MOJOK.CO – Indonesia masih berjuang memenuhi kuota 30 persen keterwakilan perempuan di parlemen. Sementara, keterwakilan perempuan di beberapa negara lain sudah melebihi batas itu. Sistem pemilu menjadi kunci.
Keterwakilan perempuan dalam parlemen memang terus meningkat sejak kebijakan afirmasi diterapkan. Namun, jumlahnya belum pernah memenuhi kuota hingga 30 persen. Kondisi ini masih menjadi pekerjaan rumah bersama di Indonesia.
Dilansir dari Rumah Pemilu, meminjam data International Institute for Democracy and Electoral Assistance (IDEA), ada 57 negara yang sudah mengafirmasi perempuan dalam sistem pemilunya. Pencapaian tertinggi dicatat oleh Bolivia hingga 53,08 persen dari 139 kursi tersedia. Adapun rata-rata persentase keterwakilan perempuan di 57 negara itu adalah 27 persen.
Salah satu faktor yang mempengaruhi terpenuhinya persentase minimal keterwakilan perempuan adalah kecocokan sistem pemilu dengan konteks politik dan ragam variabel sistemnya. Afirmasi perempuan melalui pemilu saja tidak menjamin persentase minimal terpenuhi.

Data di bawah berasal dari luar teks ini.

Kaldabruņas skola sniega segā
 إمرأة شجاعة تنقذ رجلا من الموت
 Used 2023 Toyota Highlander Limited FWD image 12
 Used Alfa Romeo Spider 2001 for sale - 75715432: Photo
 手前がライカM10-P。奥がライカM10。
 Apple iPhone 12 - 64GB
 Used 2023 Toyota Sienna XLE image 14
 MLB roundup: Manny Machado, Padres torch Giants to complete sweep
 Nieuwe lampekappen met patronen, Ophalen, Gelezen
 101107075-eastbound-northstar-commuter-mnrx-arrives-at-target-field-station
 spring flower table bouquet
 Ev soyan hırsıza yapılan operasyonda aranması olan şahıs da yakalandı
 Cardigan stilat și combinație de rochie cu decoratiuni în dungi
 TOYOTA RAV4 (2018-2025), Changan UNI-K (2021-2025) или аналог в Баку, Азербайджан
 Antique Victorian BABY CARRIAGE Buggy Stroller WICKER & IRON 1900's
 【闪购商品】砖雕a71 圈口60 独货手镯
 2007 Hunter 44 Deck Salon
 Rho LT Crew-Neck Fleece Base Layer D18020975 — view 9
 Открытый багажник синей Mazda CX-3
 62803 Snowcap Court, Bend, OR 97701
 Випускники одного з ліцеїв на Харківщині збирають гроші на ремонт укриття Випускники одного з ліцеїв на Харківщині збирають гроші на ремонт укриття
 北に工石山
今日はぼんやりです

Mengutip artikel berjudul “Sistem Pemilu Apa yang Lebih Signifikan Meningkatkan Keterwakilan Perempuan” yang ditulis oleh Usep Hasan Sadikin, ada 18 negara yang keterwakilan perempuannya melebihi 30 persen. Dengan kata lain 31,6 persen negara sudah memiliki sistem pemilu yang cocok. Adapun tiga sistem pemilu yang dipakai oleh 18 negara itu adalah sistem pluralitas/mayoritas, sistem proporsional representasi (PR), dan sistem campuran (mixed).
Sistem pluralitas/mayoritas biasa disebut dengan sistem distrik. Sistem ini seperti yang diterapkan di Amerika dengan First Past the Post (FPTP). Pluralitas/ Mayoritas berwujud kompetisi satu kursi untuk setiap daerah pemilihan (dapil). Sementara itu, sistem proporsional berwujud kompetisi yang alokasi kursi setiap dapilnya berjumlah lebih dari satu secara proporsional dibandingkan jumlah penduduknya. Sistem campuran atau mixed adalah penggabungan sistem pluralitas/mayoritas dan sistem proporsional dalam satu penyelenggaraan pemilu parlemen.
Di antara 18 negara yang sudah melebihi keterwakilan 30 persen itu, kebanyakan menggunakan sistem proporsional. Temuan ini tidak mengherankan karena sesuai dengan sifat dari sistem pemilu proporsional yang lebih menerima kemajemukan. Oleh karenanya, sistem ini lebih sesuai untuk kebutuhan peningkatan keterwakilan perempuan. Tidak seperti pluralitas/ mayoritas yang cenderung menyingkirkan kemajemukan.
Pemilu proporsional yang lebih ramah terhadap keberagaman sebenarnya disadari oleh global. Dari 1990 hingga 2010, setidaknya ada 27 negara yang mengubah sistem pemilu secara signifikan. Tren perubahan terjadi dari sistem pluralitas/mayoritas ke sistem pemilu proporsional.
“Tampaknya, sifat representatif hasil pemilu lebih dibutuhkan untuk dikuatkan dibanding sifat efektivitasnya.” jelas Usep dalam tulisannya.
Di antara 12 negara yang menggunakan sistem pemilu proporsional itu, beberapa negara menerapkan afirmasi perempuan melalui jaminan konstitusi seperti Meksiko, Argentina, perancis, Ekuador, Serbia, dan Italia. Sementara lainnya dinilai memiliki demokratisasi kelembagaan parpol yang baik, sehingga memiliki iklim politik kompetitif, termasuk dalam afirmasi perempuan.
“Banyak partai politik di negara ini yang berinisiatif menambah afirmasi perempuan internal partai politik, baik pada tahap pendidikan/kaderisasi, pencalonan, kampanye, atau keterpilihan,” imbuh dia.